**DIRECTIONS:** Please give back, exactly as written, only the line containing "Sergili 5a 3/3/7 450$ <br />" and every line after it until the data below ends.

-------- DATASET

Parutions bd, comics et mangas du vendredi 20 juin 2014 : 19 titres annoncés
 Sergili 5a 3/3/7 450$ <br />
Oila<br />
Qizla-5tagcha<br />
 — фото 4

----------------

**ANSWER TO THIS EXERCISE:**
 Sergili 5a 3/3/7 450$ <br />
Oila<br />
Qizla-5tagcha<br />
 — фото 4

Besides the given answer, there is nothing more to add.